En El Salvador, la corrupción ha encontrado siempre caminos fáciles. Es cierto que mejorar la legislación ayuda a combatirla, pero hay otros elementos que favorecen que encuentre nuevas vías para abrirse paso. Y son esos elementos los que hay que combatir para que la lucha contra la corrupción tenga efectos duraderos.

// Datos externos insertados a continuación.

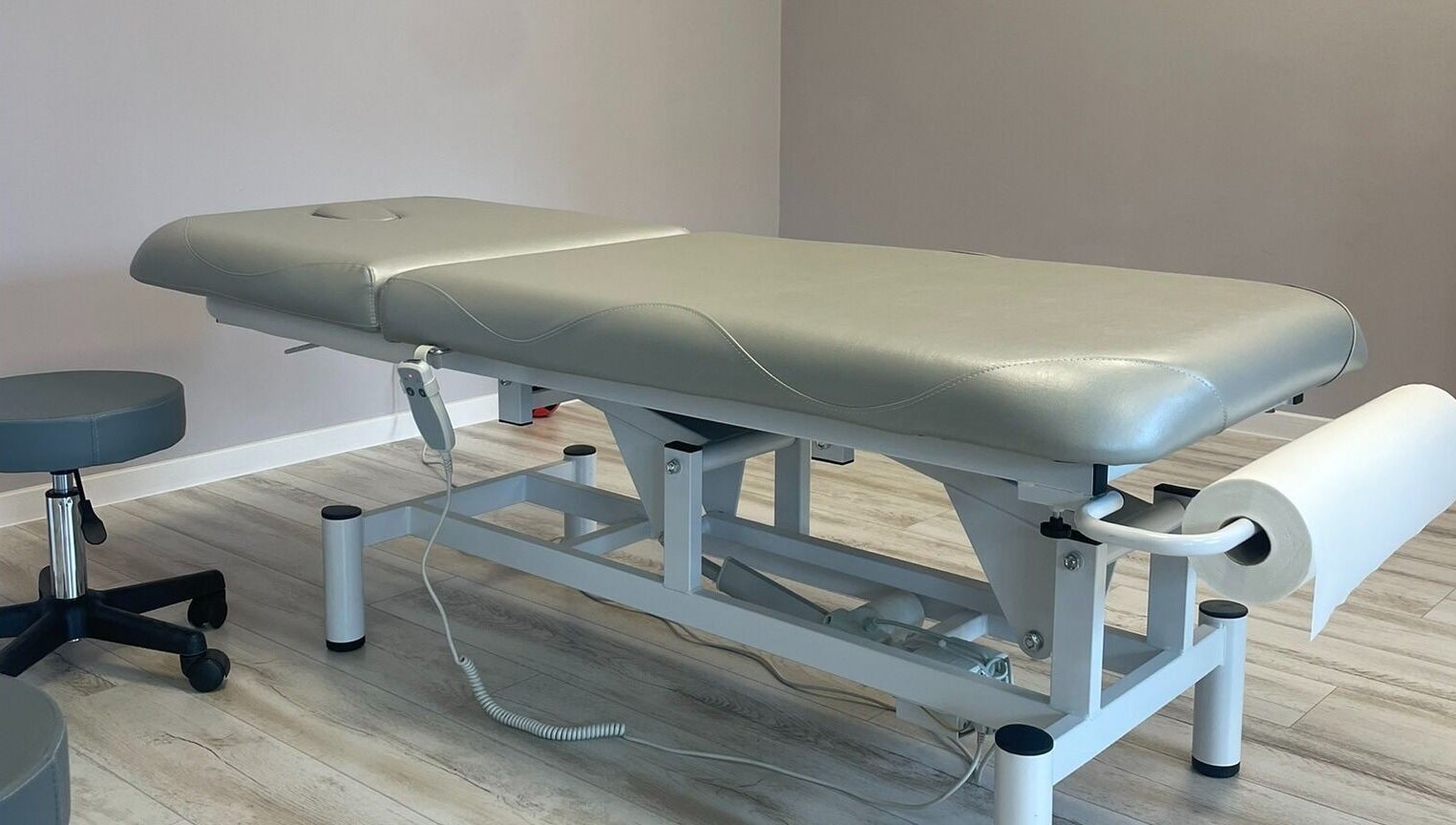 Masa de terapie la Postural Kinetic Therapy, București, Romania, RO, pentru relaxare și sănătate.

El primero es la estructuración socioeconómica y cultural del país. La tradicional impunidad de la que ha gozado la pequeña pero poderosa élite económica es fuente permanente de corrupción. Se están destapando casos en los que parece evidente el lavado de dinero, el cual se ha realizado a través de operaciones bancarias locales. Sin embargo, los bancos no parecen advertirlo y no son investigados, mucho menos multados. La prescripción de los delitos económicos hace casi imposible investigar la corrupción cuando dos Gobiernos consecutivos encubren al que los precedió. Estamos viendo ahora, con el caso de los sobresueldos, una costumbre de larga data que no podrá investigarse más allá de la administración de Antonio Saca. Pero quien tiene un mínimo de memoria recordará a Kirio Waldo Salgado acusando en televisión, documentos en mano, al entonces presidente Cristiani de repartir dinero de un modo ilegal entre varios de sus colaboradores.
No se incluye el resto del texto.